Since we announced our agreement to acquire NGINX last month, the theme that has resonated most in my discussions with customers and partners is that, together, F5 and NGINX could bridge a divide—between applications and infrastructure and between the developer and operations.

This is a divide that exists between the modern, open source applications developed in and for the cloud and the traditional, mission-critical applications that are often the last to migrate out of the enterprise data center. This is a divide that is only getting wider for NetOps teams balancing infrastructure costs and controls against DevOps teams developing applications for speed and scale. And it is a divide in which companies are using inconsistent application services from multiple vendors across various teams. What results is an application infrastructure that is unprotected, hard to manage, and unstable.

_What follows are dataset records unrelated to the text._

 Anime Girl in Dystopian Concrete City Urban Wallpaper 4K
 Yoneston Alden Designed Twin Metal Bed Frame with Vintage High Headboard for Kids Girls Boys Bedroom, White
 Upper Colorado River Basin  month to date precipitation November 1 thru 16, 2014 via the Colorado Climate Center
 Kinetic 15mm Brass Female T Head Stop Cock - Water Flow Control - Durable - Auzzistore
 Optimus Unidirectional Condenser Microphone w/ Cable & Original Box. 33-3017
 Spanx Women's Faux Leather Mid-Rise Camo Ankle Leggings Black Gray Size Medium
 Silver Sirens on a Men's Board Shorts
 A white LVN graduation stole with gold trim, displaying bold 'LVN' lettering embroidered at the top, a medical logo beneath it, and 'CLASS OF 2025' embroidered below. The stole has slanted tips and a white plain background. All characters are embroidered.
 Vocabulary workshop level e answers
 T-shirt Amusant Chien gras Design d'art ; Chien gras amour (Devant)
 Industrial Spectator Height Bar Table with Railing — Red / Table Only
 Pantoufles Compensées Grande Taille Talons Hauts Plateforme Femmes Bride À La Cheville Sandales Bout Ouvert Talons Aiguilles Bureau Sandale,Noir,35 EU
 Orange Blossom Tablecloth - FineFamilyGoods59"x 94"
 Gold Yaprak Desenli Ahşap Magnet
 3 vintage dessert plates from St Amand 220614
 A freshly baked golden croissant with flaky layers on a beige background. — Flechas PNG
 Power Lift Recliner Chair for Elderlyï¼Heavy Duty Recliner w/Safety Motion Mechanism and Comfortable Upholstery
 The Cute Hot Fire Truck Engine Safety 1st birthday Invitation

But whether traditional or modern, whether NetOps or DevOps, whether open source or enterprise, these organizations still rely on their applications to work together in concert. Put aside the differences, and both sides can agree that all applications need to be:

  • Secured against advanced attacks
  • Managed for scale in large, complex environments
  • Reliable in production, at scale

Yet, this has been nearly impossible to do because no one has stepped up to serve customers with enterprise-grade services for all applications, traditional and modern, wherever they are built or deployed.

Until now.

F5 + NGINX is a powerful combination that can bridge this divide. We believe every organization can benefit from the agility and flexibility enabled by modern technologies, without compromising on the time-tested fundamentals of security, manageability, and reliability.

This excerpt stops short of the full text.